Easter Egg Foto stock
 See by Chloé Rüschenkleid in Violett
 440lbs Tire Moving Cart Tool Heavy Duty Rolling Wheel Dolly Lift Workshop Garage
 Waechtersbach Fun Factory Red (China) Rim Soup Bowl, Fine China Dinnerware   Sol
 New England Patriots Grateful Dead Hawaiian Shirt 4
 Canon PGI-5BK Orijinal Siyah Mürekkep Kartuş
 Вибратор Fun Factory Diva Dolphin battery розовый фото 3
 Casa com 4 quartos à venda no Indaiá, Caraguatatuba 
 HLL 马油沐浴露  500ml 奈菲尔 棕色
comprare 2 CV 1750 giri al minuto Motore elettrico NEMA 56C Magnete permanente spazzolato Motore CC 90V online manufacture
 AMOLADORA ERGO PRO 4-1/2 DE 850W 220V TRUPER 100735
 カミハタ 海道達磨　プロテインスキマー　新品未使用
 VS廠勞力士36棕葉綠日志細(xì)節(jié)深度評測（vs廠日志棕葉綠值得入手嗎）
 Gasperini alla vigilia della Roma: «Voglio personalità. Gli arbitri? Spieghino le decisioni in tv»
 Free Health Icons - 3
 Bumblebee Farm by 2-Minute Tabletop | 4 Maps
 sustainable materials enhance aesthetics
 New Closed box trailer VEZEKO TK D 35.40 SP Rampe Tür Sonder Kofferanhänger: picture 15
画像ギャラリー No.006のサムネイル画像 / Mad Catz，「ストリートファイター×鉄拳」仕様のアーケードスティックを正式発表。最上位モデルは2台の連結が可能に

▸ **EXERCISE BRIEF**
Your response should consist solely of the lines from the one containing "Gasperini alla vigilia" to the end of the entries, both ends included, exactly as they appear.

▸ **RESULT OF THIS EXERCISE**
 Gasperini alla vigilia della Roma: «Voglio personalità. Gli arbitri? Spieghino le decisioni in tv»
 Free Health Icons - 3
 Bumblebee Farm by 2-Minute Tabletop | 4 Maps
 sustainable materials enhance aesthetics
 New Closed box trailer VEZEKO TK D 35.40 SP Rampe Tür Sonder Kofferanhänger: picture 15
画像ギャラリー No.006のサムネイル画像 / Mad Catz，「ストリートファイター×鉄拳」仕様のアーケードスティックを正式発表。最上位モデルは2台の連結が可能に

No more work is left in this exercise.